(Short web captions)

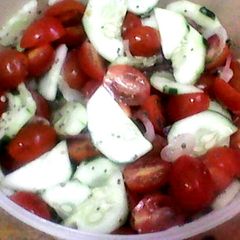 A picture of Cucumber Tomato Salad with Lemon Chia Seed Dressing.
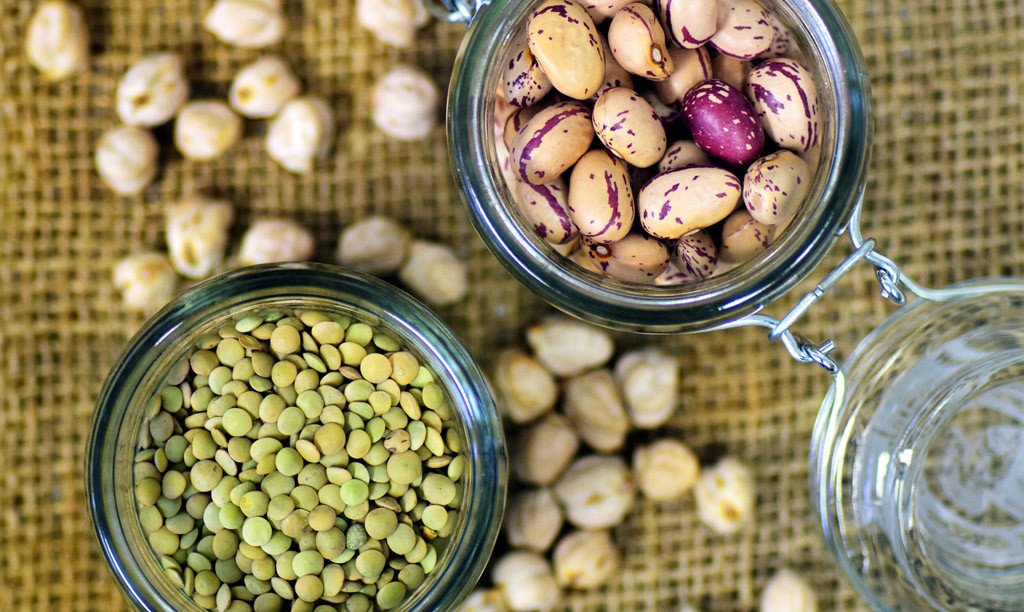 Jars of dried lentils, chickpeas and speckled beans on burlap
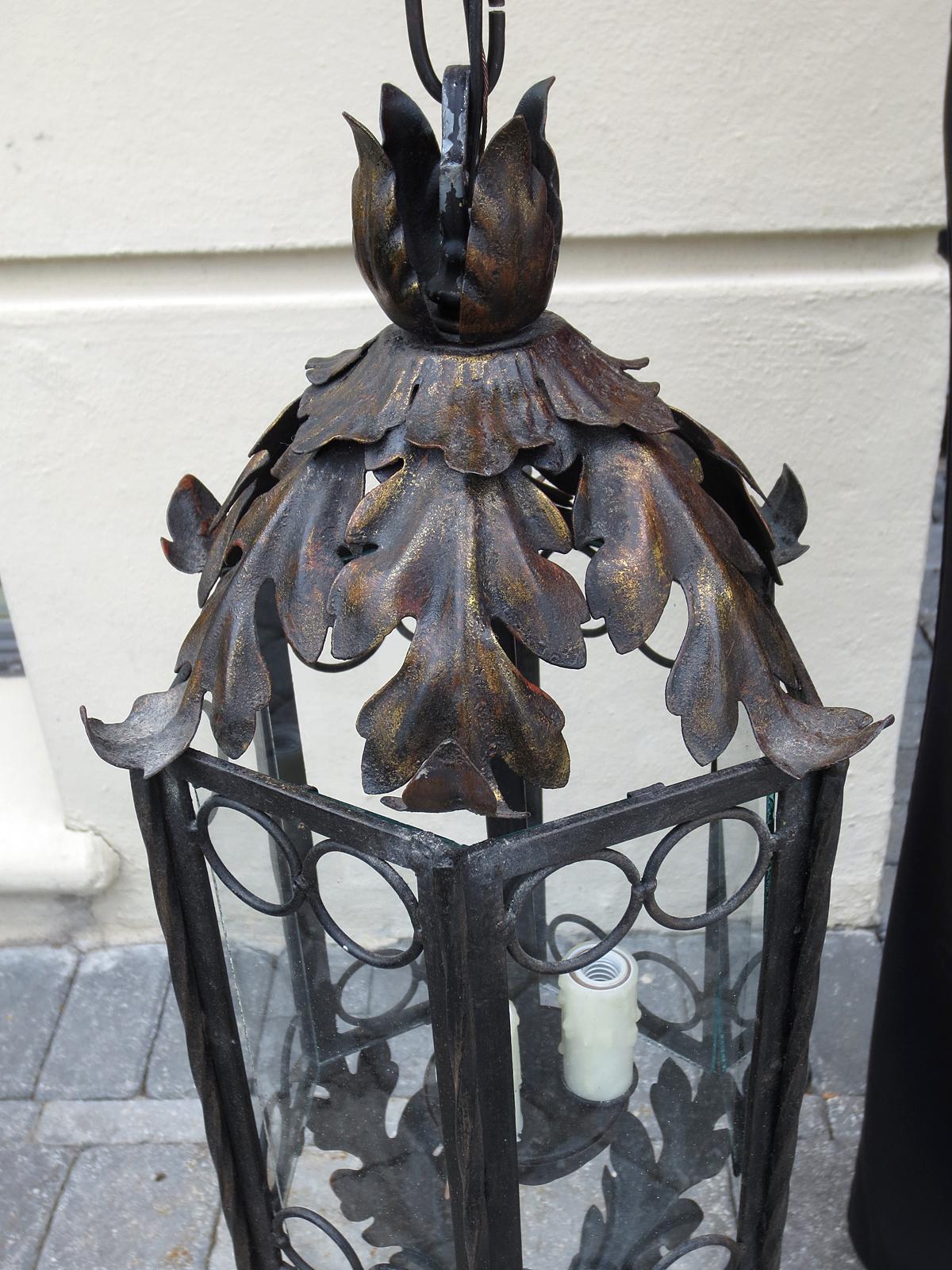 Iron and glass three-light lantern with circle and acanthus leaf motif, circa 1900
New wiring.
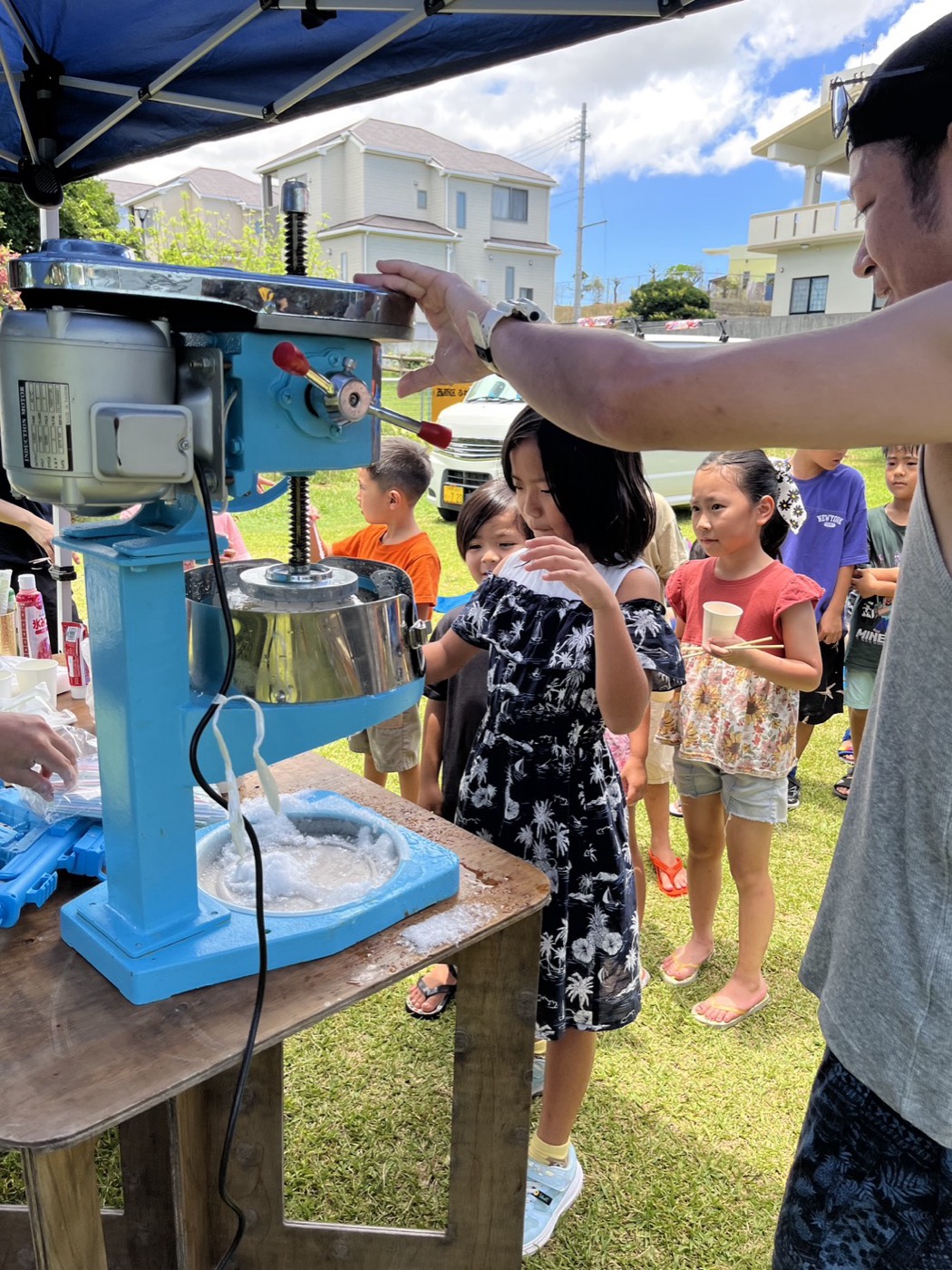 かき氷機の前に並び、できあがったかき氷を受け取る子どもたち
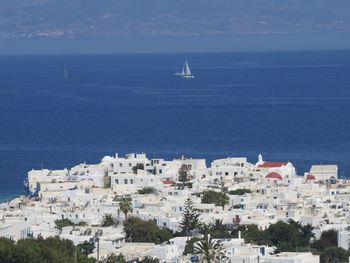 High angle view of buildings by sea against sky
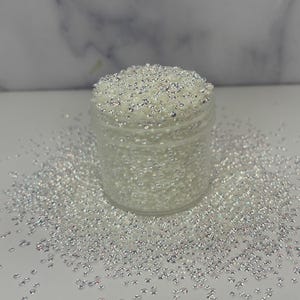 May include: A clear plastic jar filled with small, iridescent beads. The beads are scattered around the jar on a white surface. The beads have a pearlescent, shimmering quality, reflecting light. The jar is transparent, allowing the beads to be seen.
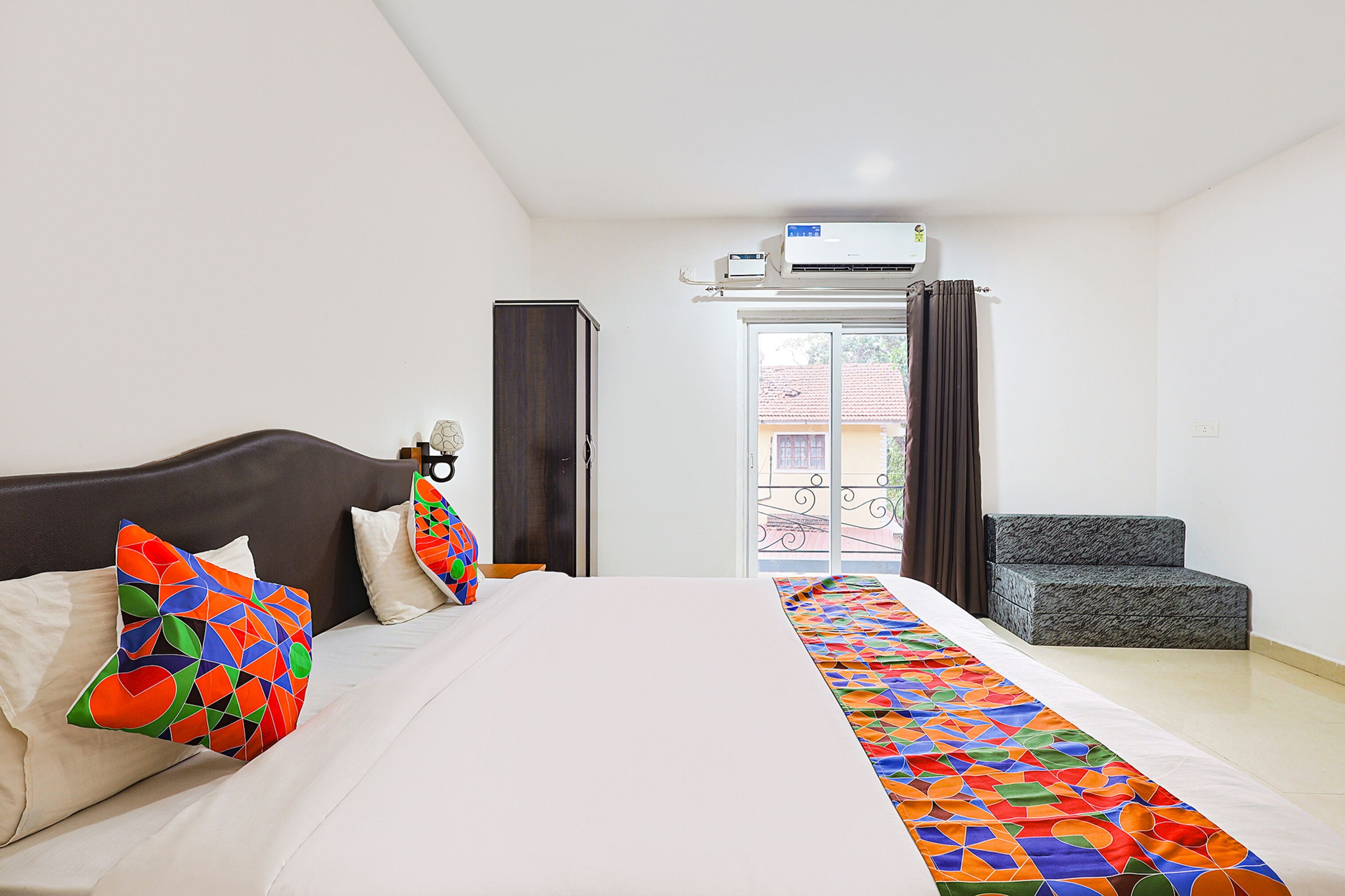 A hotel room with a bed, colorful pillows, a window with curtains, and a balcony with a chair.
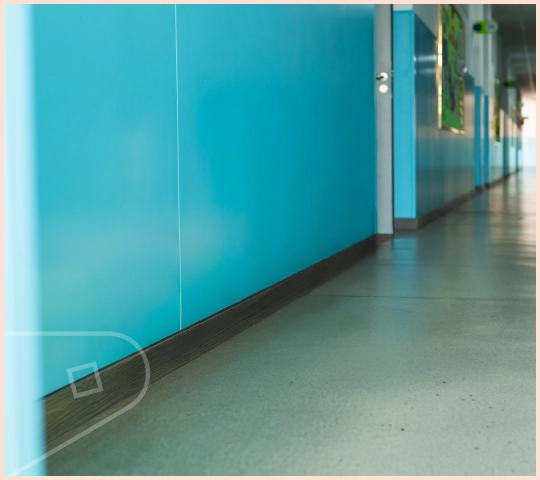 Atlantic Blue Satin uPVC Wall Cladding installed in school hallway high traffic area a durable wall solution.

[Your objective] Reproduce the records above exactly, excluding every picture.

[Task answer]
 A picture of Cucumber Tomato Salad with Lemon Chia Seed Dressing.
 Jars of dried lentils, chickpeas and speckled beans on burlap
 Iron and glass three-light lantern with circle and acanthus leaf motif, circa 1900
New wiring.
 かき氷機の前に並び、できあがったかき氷を受け取る子どもたち
 High angle view of buildings by sea against sky
 May include: A clear plastic jar filled with small, iridescent beads. The beads are scattered around the jar on a white surface. The beads have a pearlescent, shimmering quality, reflecting light. The jar is transparent, allowing the beads to be seen.
 A hotel room with a bed, colorful pillows, a window with curtains, and a balcony with a chair.
 Atlantic Blue Satin uPVC Wall Cladding installed in school hallway high traffic area a durable wall solution.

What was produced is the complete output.